#### EXTRACTED MATERIAL
=== Begin Enclosure ===

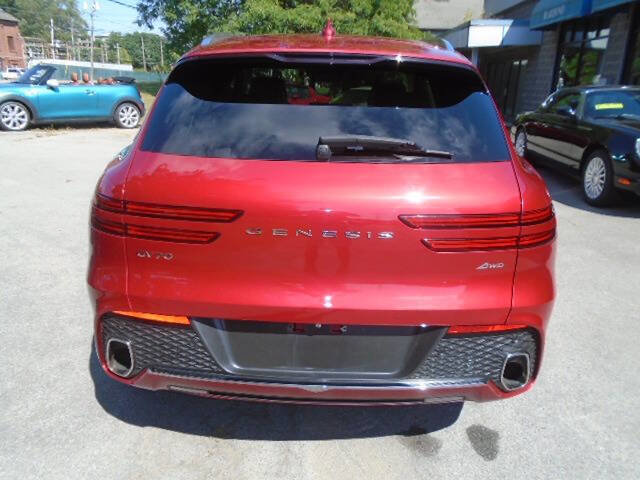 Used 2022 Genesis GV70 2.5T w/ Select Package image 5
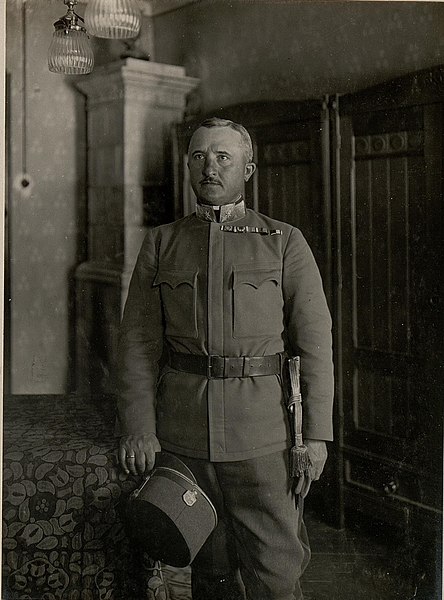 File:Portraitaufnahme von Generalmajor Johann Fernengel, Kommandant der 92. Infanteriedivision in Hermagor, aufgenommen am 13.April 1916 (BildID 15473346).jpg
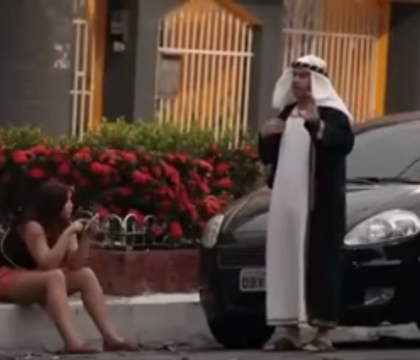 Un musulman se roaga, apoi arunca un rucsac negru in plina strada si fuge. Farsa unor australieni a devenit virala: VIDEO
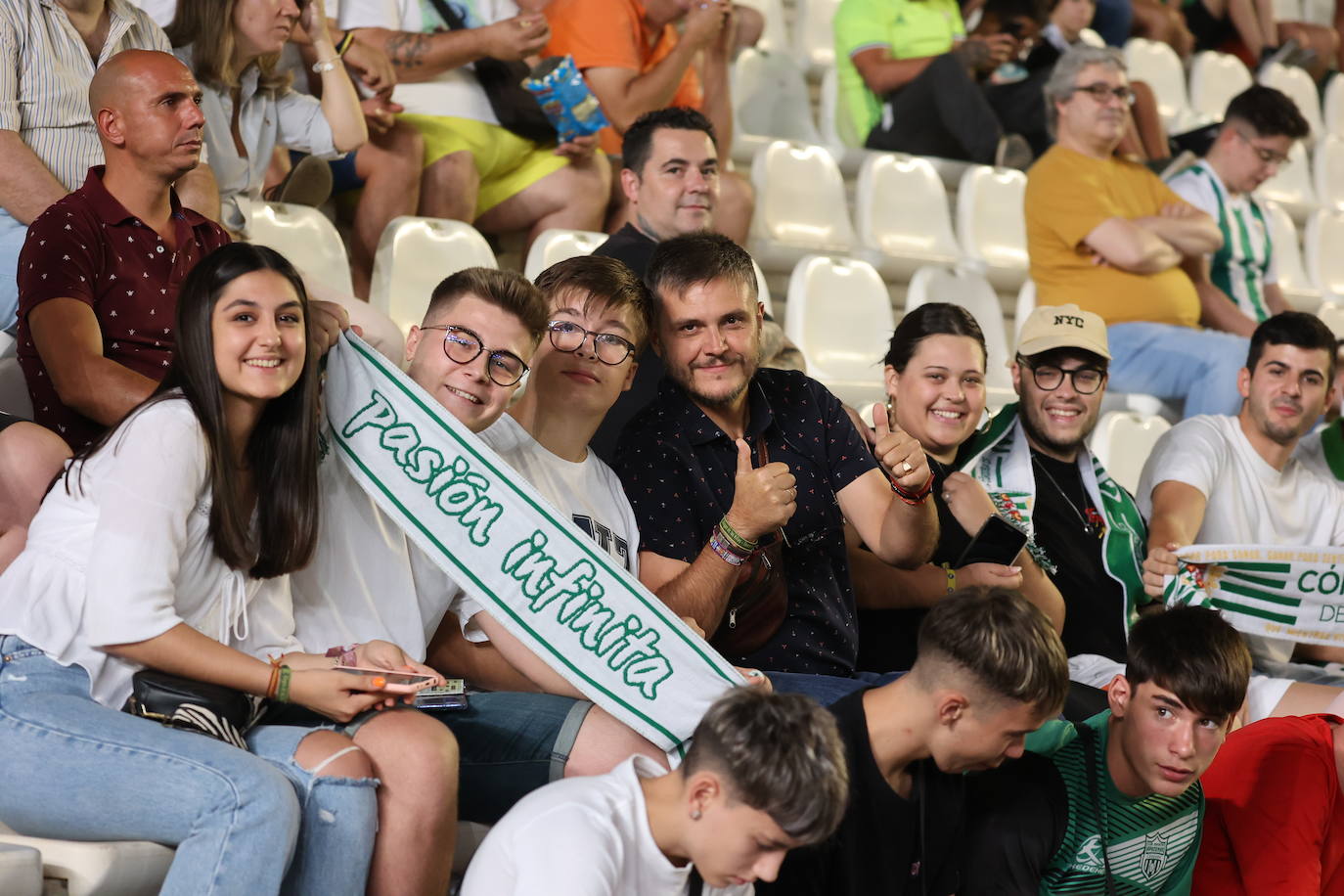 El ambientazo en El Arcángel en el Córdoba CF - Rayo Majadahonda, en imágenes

=== End Enclosure ===
=== Begin Enclosure ===

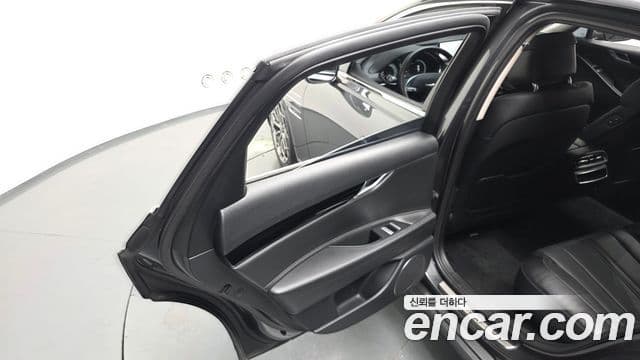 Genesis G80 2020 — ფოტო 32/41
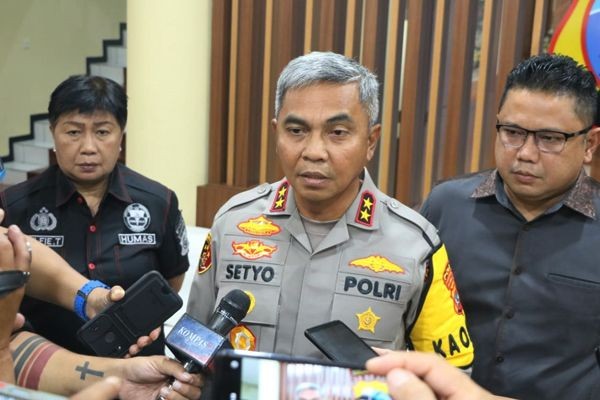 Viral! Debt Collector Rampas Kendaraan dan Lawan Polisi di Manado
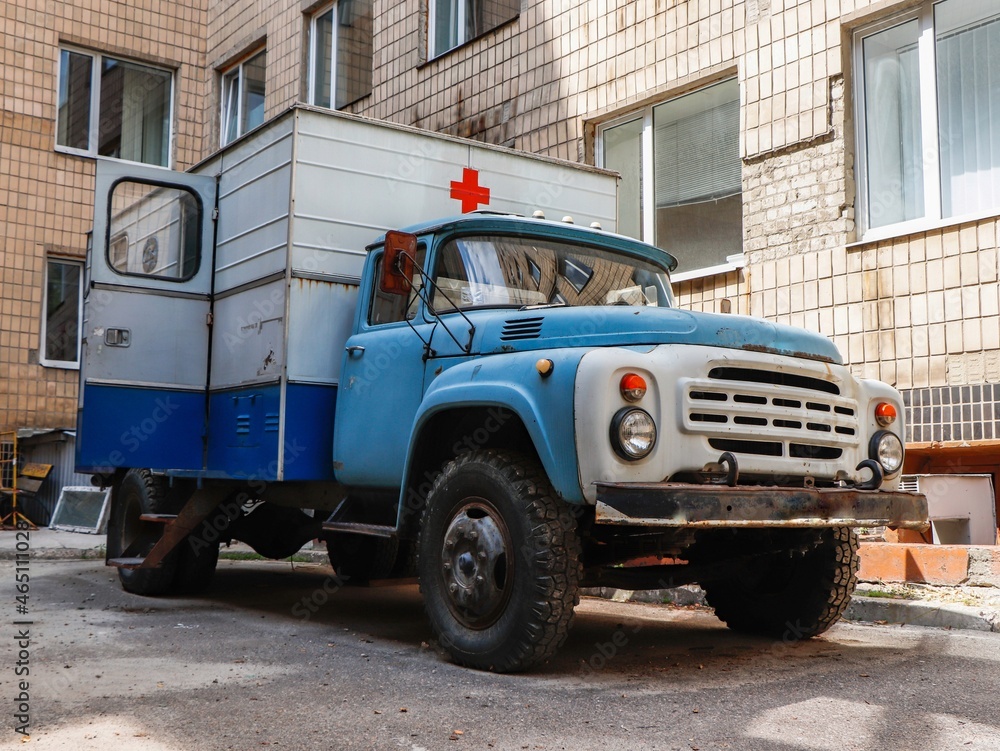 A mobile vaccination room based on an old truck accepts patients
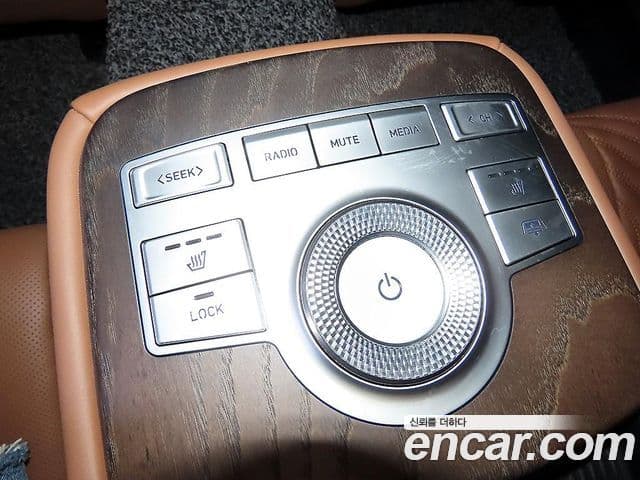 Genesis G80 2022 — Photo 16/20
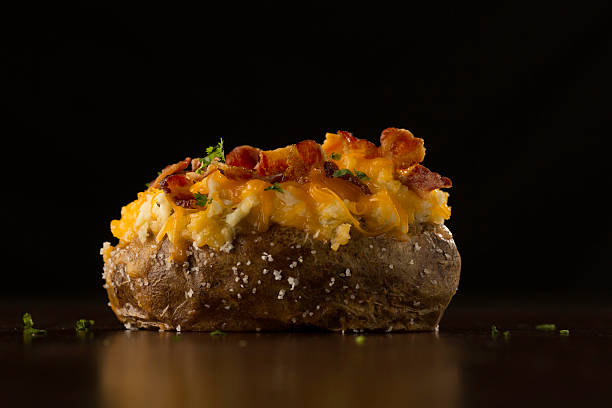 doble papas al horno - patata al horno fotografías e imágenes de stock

=== End Enclosure ===
=== Begin Enclosure ===

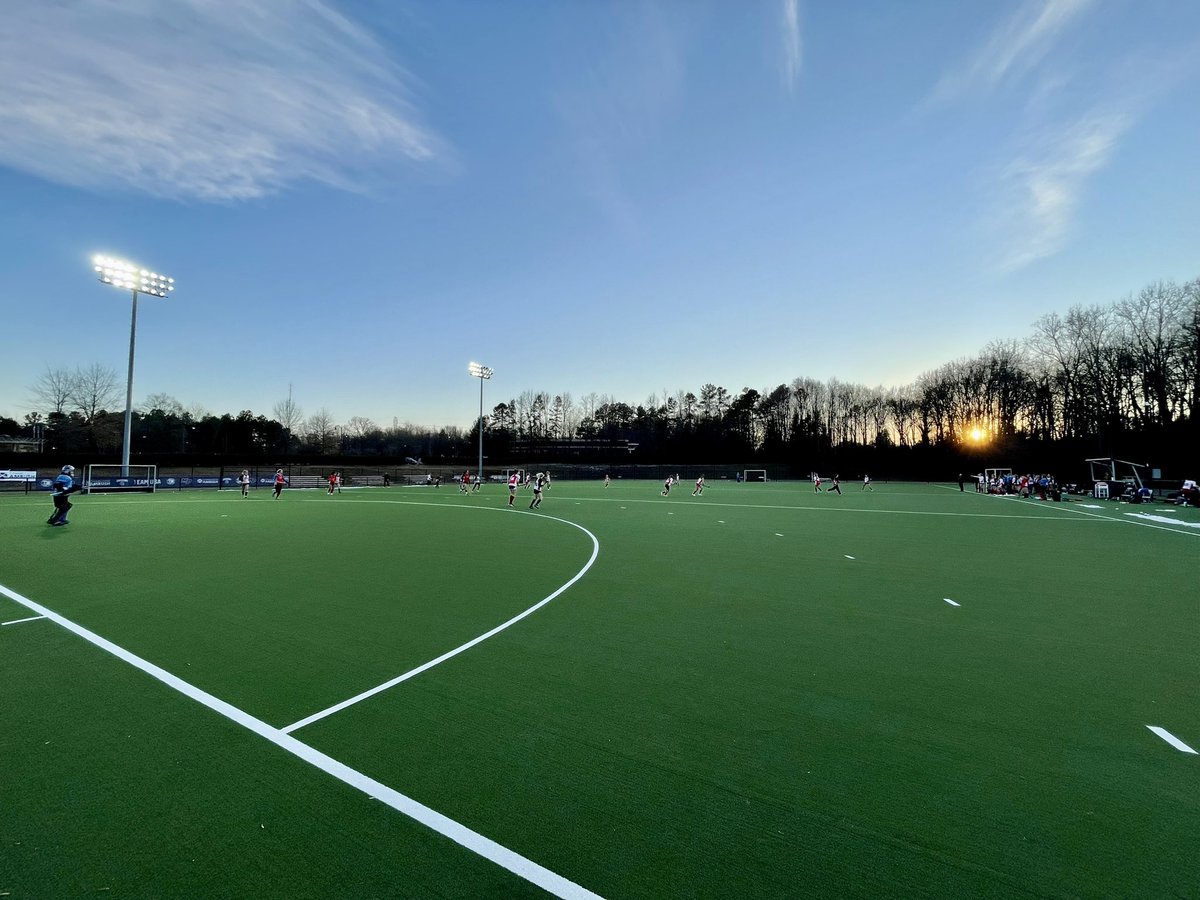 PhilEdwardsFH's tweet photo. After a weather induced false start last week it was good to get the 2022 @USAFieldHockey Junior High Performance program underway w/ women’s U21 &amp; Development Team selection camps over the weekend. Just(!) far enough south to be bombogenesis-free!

=== End Enclosure ===

#### PROBLEM
Of the lines above, quote exactly those from the one with "Un musulman se" through the one with "El ambientazo en", ends included; pictures stay out.

#### EXERCISE OUTPUT
 Un musulman se roaga, apoi arunca un rucsac negru in plina strada si fuge. Farsa unor australieni a devenit virala: VIDEO
 El ambientazo en El Arcángel en el Córdoba CF - Rayo Majadahonda, en imágenes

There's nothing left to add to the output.